WHAT TO WORK ON:
Print the whole listing below exactly as given, pictures excluded.

DATA PROVIDED:
---

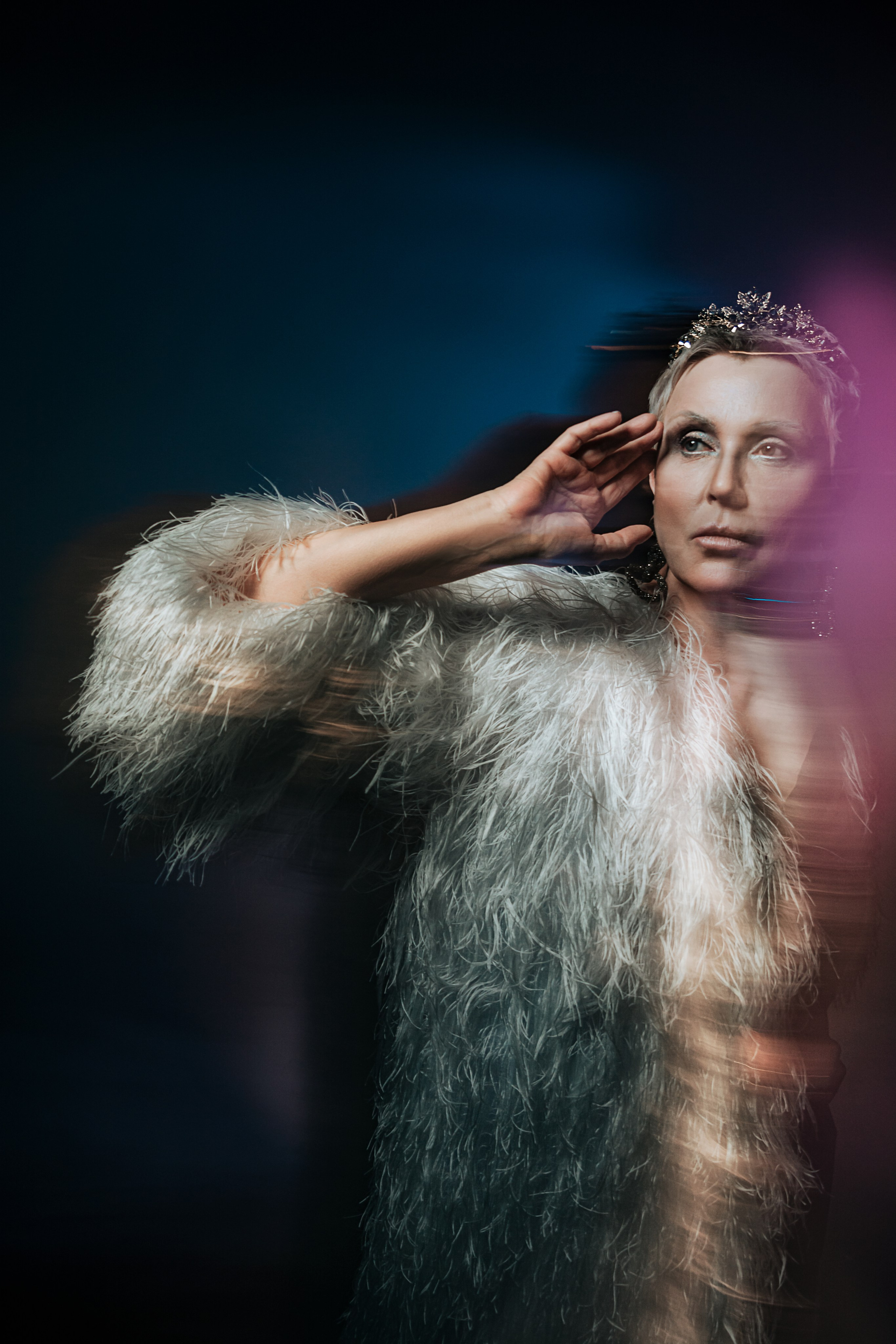 Фотосессия в Петербурге с яркой женщиной в белой шубе, смешанный свет привносит волшебство, рассказывая историю современной Снежной Королевы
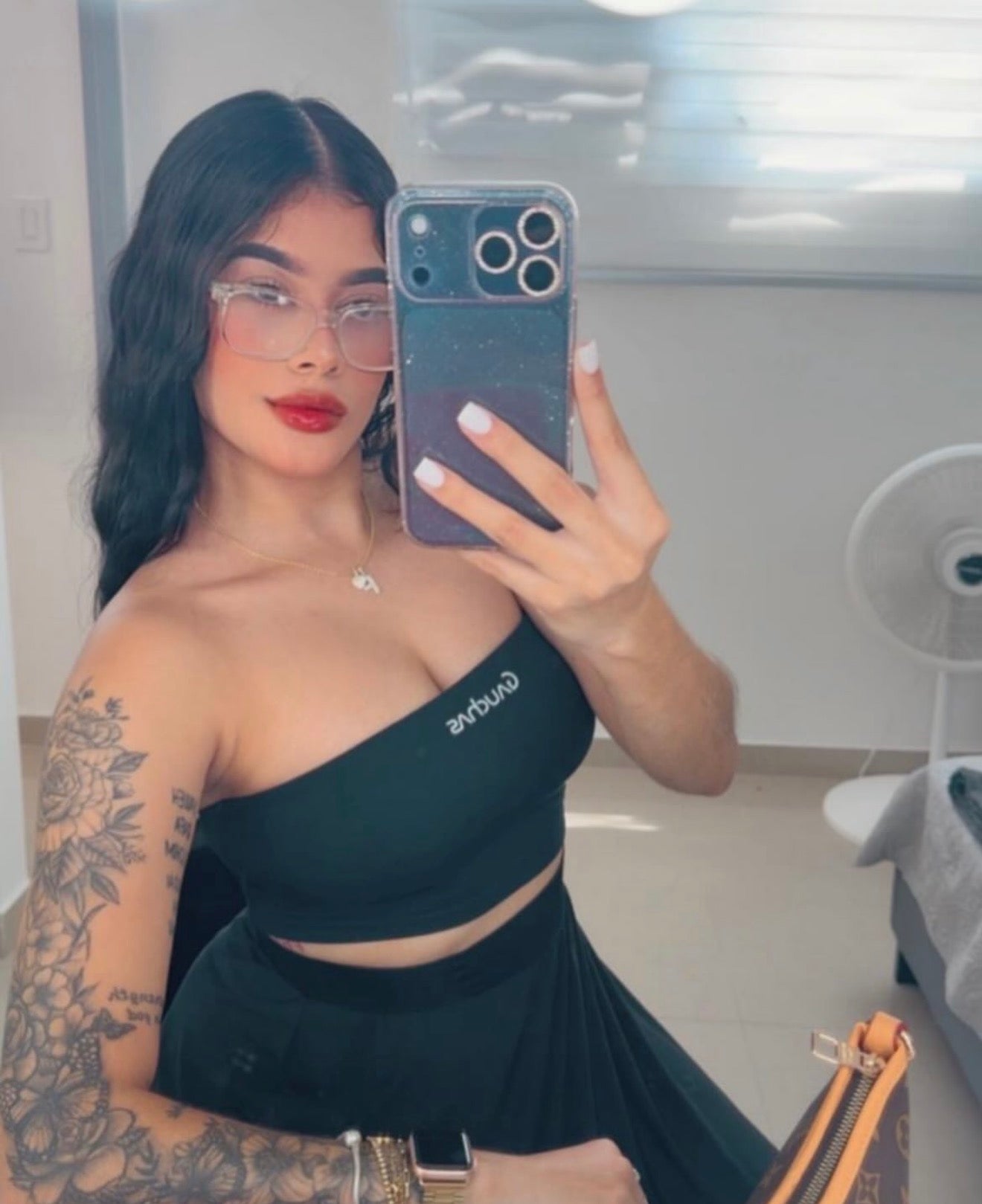 Strapless G cute top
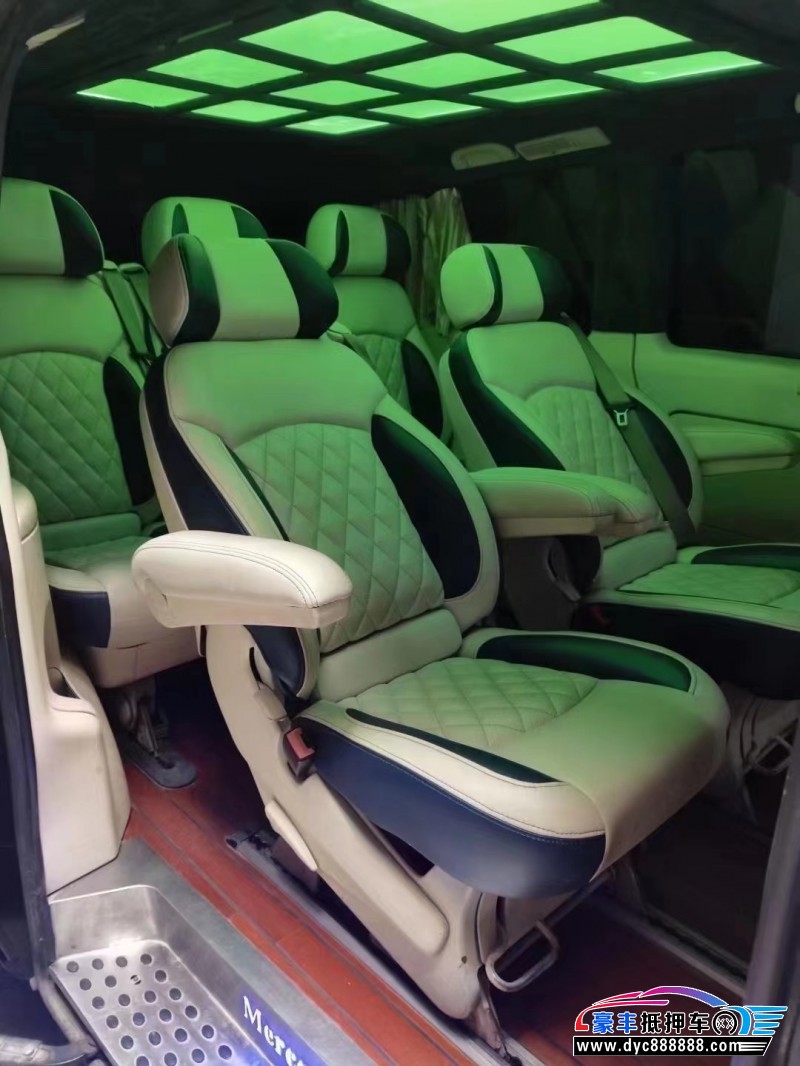 14年奔驰威霆MPV抵押车出售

---

PROBLEM SOLUTION:
 Фотосессия в Петербурге с яркой женщиной в белой шубе, смешанный свет привносит волшебство, рассказывая историю современной Снежной Королевы
 Strapless G cute top
 14年奔驰威霆MPV抵押车出售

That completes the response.